Shit happens, and back in late May it hit me in a bad way. Almost strange that I'm still around, but apparently
Being in need of “repair” at my age, is one thing. But that I was literally walking on the edge of the grave as
I left bed that monday morning in late may, was not what I expected.
Oh well … been there before, and am likely to be there again before I finally go. Would be strange otherwise.
what actually happened…
Main blood vessels to the lower part of my body got clogged up, and, literally, from one moment to the next I lost most of the
sensation and muscle control in both legs and lower body from waist down. Pretty debilitating to say the least, and at first
I was not sure how bad it was as it was not really painful or anything.
It was as if the lower half of my body had fallen asleep, somewhat like the sensation of having an arm or a leg sometimes
“fall asleep” because of restricted blood flow. Only this was half my body feeling like that. I could not move properly,
let alone walk, and it did not change over time, at least not for the better.
Within hours I got a more complete picture, and grasped what was going on, as my body literally told me that this could turn
out to be really bad, or worse – deadly serious that is. As I recognised the signs from about
a decade ago, I knew this could go either way. However, I chose to focus on getting help with the immediate home and farm
tasks before bothering with whether I made it or not.
Felt kind of strange to observe and keep track of my own condition as it slowly changed throughout the day, as I was
relaxing as well as I possibly could while trying to make sure things around me was in good, working, order.
As noted in side notes; I spent a few days at home preparing for my absence, before contacting medical services. Must have been in
that short period that I managed to damage my left leg and thereby add weeks to my sick leave. Have no clear idea how, and when, that
break a leg…
To literally break a leg, is usually followed by some pain. But, as I can not feel much of anything (for real) in that part of
my left leg thanks to all the nerves that got cut during the (first) operation to remove bloodclots 9 years ago, I simply have no clear ide about when exactly I broke the fibula (see
Not that an exact point in time for that incident matters much now. The bone is broken, and I have to give it time to heal whether
I have time for such matters or not.
Otherwise that leg gives me more than enough pain now, as the phantom-pain I have felt in that foot/leg from time to time for
the last 9 years, and that had weakened to hardly noticeable most of the time, has now come back in full force and then some.
Dealing with that now more or less constant sensation of pain in its many inexplicable variants as impulses from damaged nerves hit the brain,
combined with the side-effects of the various pain-relief medication they are testing on me on top, makes staying in a good
mood a little hard at times. For reasons explained above, I can not simply “walk it off”
as is and has been my method of choice when dealing with such phantom pain before.
Being out of action, is boring, boring, and even more “boring”. I am not a good and patient patient, and see no
point in pretending to be one.
Haven't taken my less than optimal state of mind too much out on the staff at the various places I have been at though, although my
already pretty rich vocabulary do at times get somewhat affected – “enriched” if you like – by failed
attempts at medical relief from those phantom pains when they hit too hard and keep on hitting for too long.
The service and care at the nursing home is pretty good – one might say “excellent”, but such places are not well suited
for people like me regardless of our condition, and I would of course rather be home. Have to get get out of this
wheelchair first though, so at least a few more days…
I am writing this while sitting in a wheelchair at the nursing home in Mandal town – about five minutes drive
from my own home. Pretty OK i-net connection here, so after all not too bad to be patient for a while despite being
Lately they have even rearranged the furniture in my room, and provided me with
a functional “office-space” from which I can stay in touch with the world and releave some of my boredom.

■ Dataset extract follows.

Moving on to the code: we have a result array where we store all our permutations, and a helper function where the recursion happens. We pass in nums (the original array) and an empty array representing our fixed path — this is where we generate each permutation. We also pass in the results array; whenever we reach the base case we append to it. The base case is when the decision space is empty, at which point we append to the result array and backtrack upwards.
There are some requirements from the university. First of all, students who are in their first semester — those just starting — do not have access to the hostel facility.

Now and then I get wheeled to the local store so I can stock up on food I am used to – for my overall
wellbeing, and then also often get offered a trip around in the neighborhood to kill some time. Some well-kept park
areas near by that are well worth a visit in good weather.
home for the weekend…
Left the nursing home in the afternoon of August 05, to spend the weekend at home. The plan is to test out how well I can
function around the house with only one good leg, with the simplest of equipment at hand, and medical personnel on short visits twice
Around midnight while writing this, I can conclude that “so far so good”. I get around well
enough to satisfy my basic needs, without risking worsening my medical status. All just takes longer, which in itself isn't much of
a problem the way things are.
As all medical tests, x-rays, etc. indicate that I likely will stay out of action for months, staying at home between hospital
visits for check-ups and possible surgeries makes most sense – if my plan works out that is. The local medical expertise is not quite
sure if my plan will work out as I envision. Me neither, but in a few days we will all find out.

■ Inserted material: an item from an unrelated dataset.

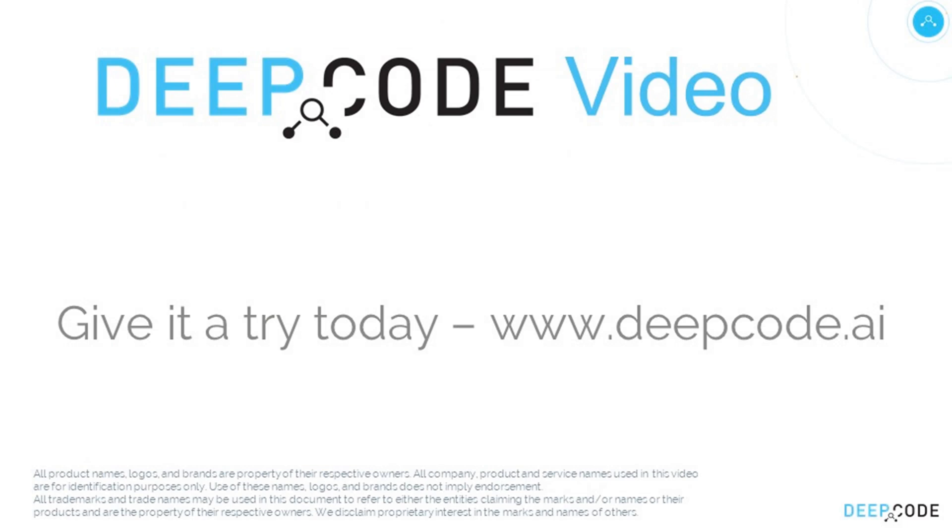Thanks for watching. But now it's your turn. Go to deepcode.ai and check out what DeepCode can do for your code.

After having spent the weekend at home, and having so few problems with getting around in the house and performing
essential tasks, I conclude that my little plan works for me and my wife. From here onwards it is only a question about how well
it will work for the health care administration and others we have to cooperate with until I am back on both my
Now (Aug.12) we are into the “planning ahead” phase for autumn and winter, and very little of that belong in the
public sphere. So, enough writing on the subject, for now.